* What needs to be done
The data that follows must be transcribed in full and exactly, minus the pictures.

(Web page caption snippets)
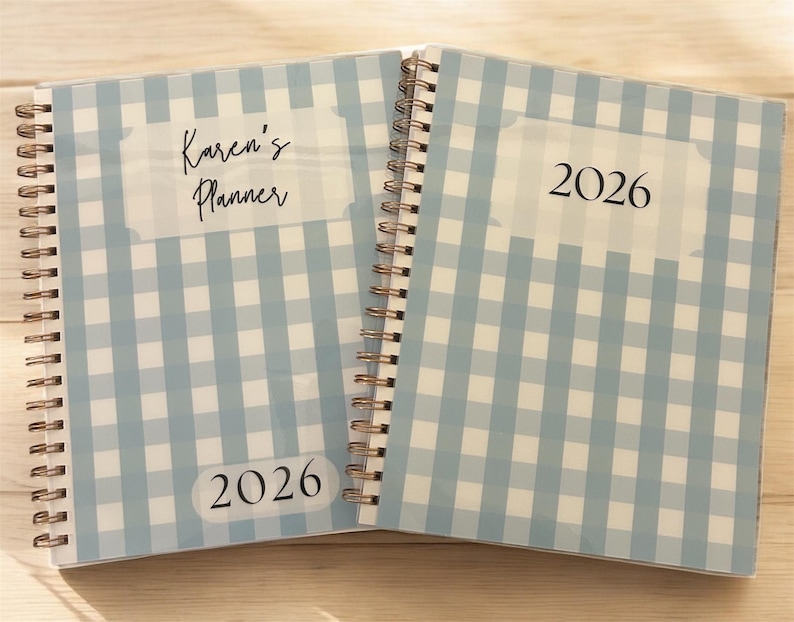 Może przedstawiać: Dwa otwarte planery w oprawie spiralnej z jasnoniebieskimi i białymi okładkami w kratę vichy. Jeden planer zawiera napis "Karen's Planner" i "2026". Drugi planer zawiera napis "2026". Planery są otwarte, ukazując spiralną oprawę i wz&oacute;r okładki.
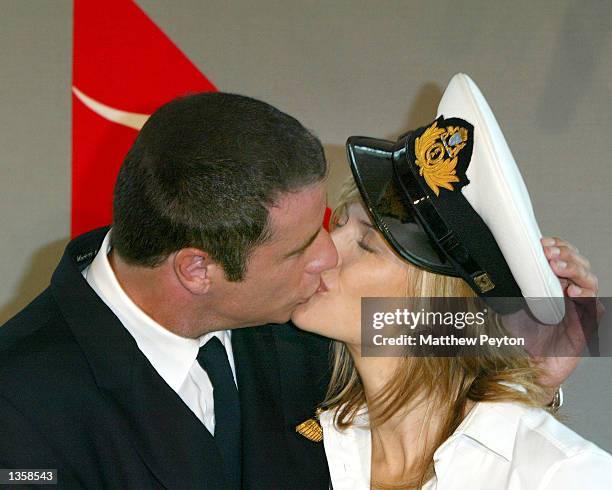 Actor John Travolta kisses wife Kelly Travolta after arriving in their Quantas 707 "Jett Clipper Ella" on the final stop of his round the globe...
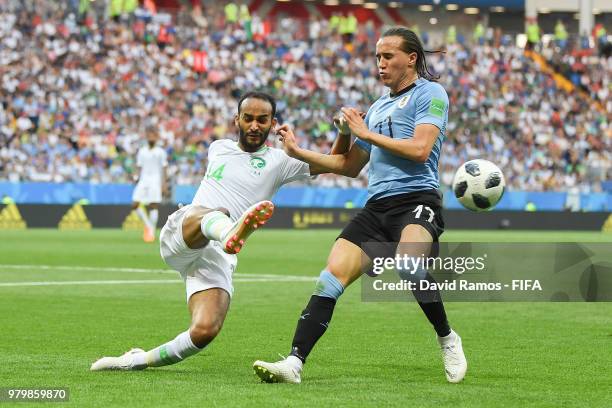 Diego Laxalt of Uruguay competes for the ball with Abdullah Otayf of Saudi Arabia during the 2018 FIFA World Cup Russia group A match between Uruguay...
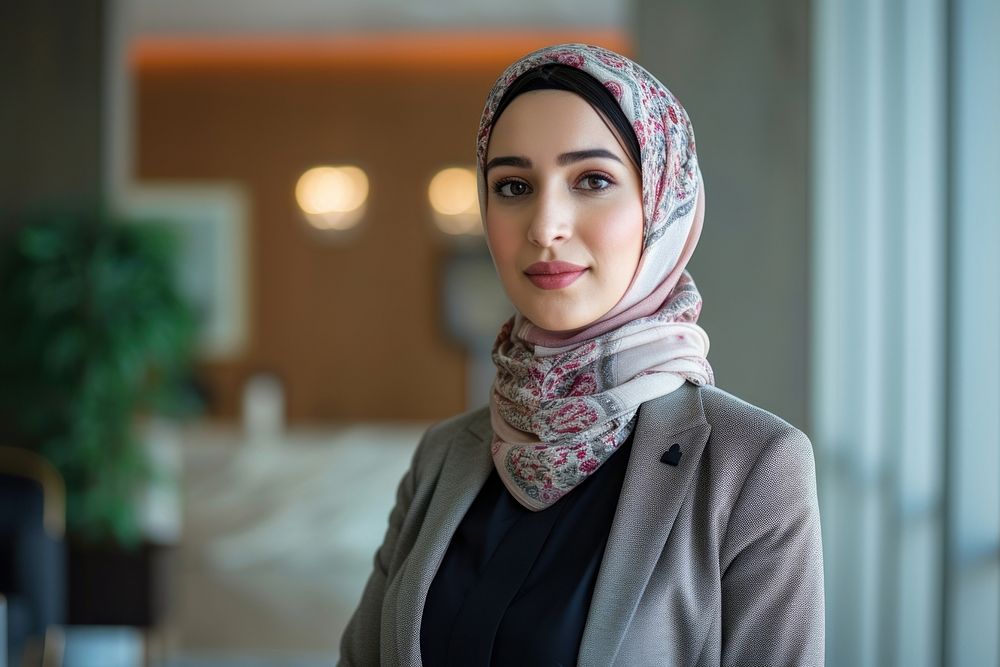 Candid photo of a arabbusiness woman standing scarf headscarf.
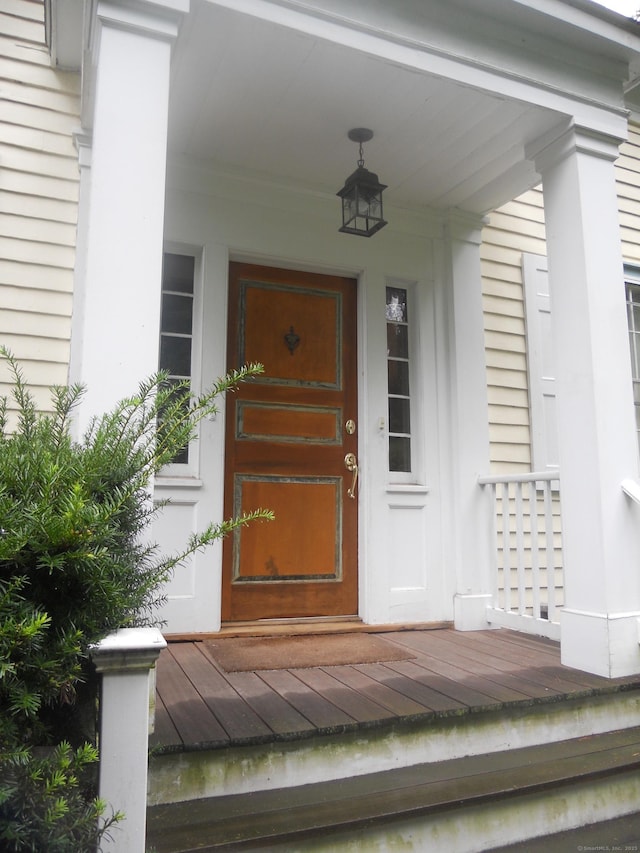 view of exterior entry with covered porch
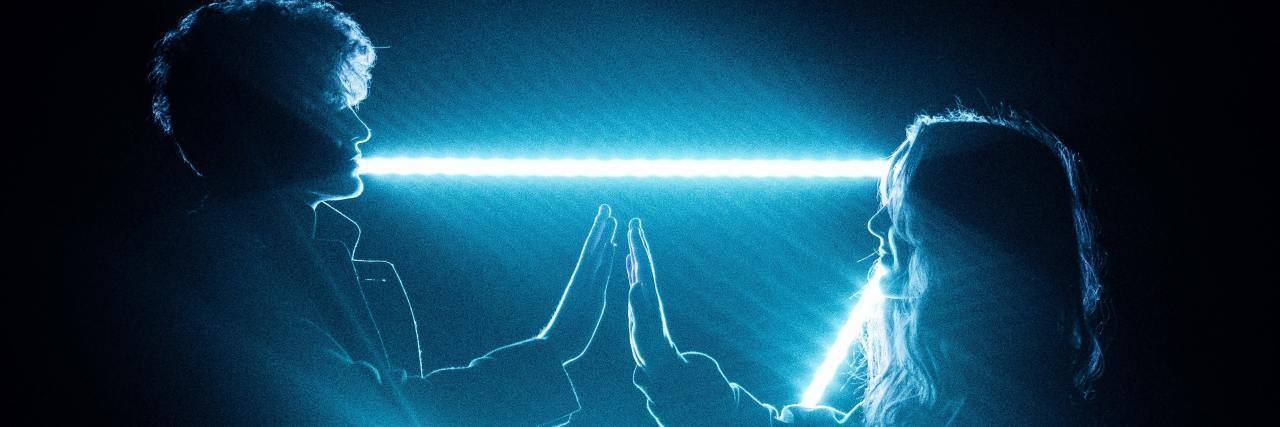 5 Dating Tips When You Both Live With PTSD two people standing in front of a LED triangle touching hands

* Finished task
 Może przedstawiać: Dwa otwarte planery w oprawie spiralnej z jasnoniebieskimi i białymi okładkami w kratę vichy. Jeden planer zawiera napis "Karen's Planner" i "2026". Drugi planer zawiera napis "2026". Planery są otwarte, ukazując spiralną oprawę i wz&oacute;r okładki.
 Actor John Travolta kisses wife Kelly Travolta after arriving in their Quantas 707 "Jett Clipper Ella" on the final stop of his round the globe...
 Diego Laxalt of Uruguay competes for the ball with Abdullah Otayf of Saudi Arabia during the 2018 FIFA World Cup Russia group A match between Uruguay...
 Candid photo of a arabbusiness woman standing scarf headscarf.
 view of exterior entry with covered porch
 5 Dating Tips When You Both Live With PTSD two people standing in front of a LED triangle touching hands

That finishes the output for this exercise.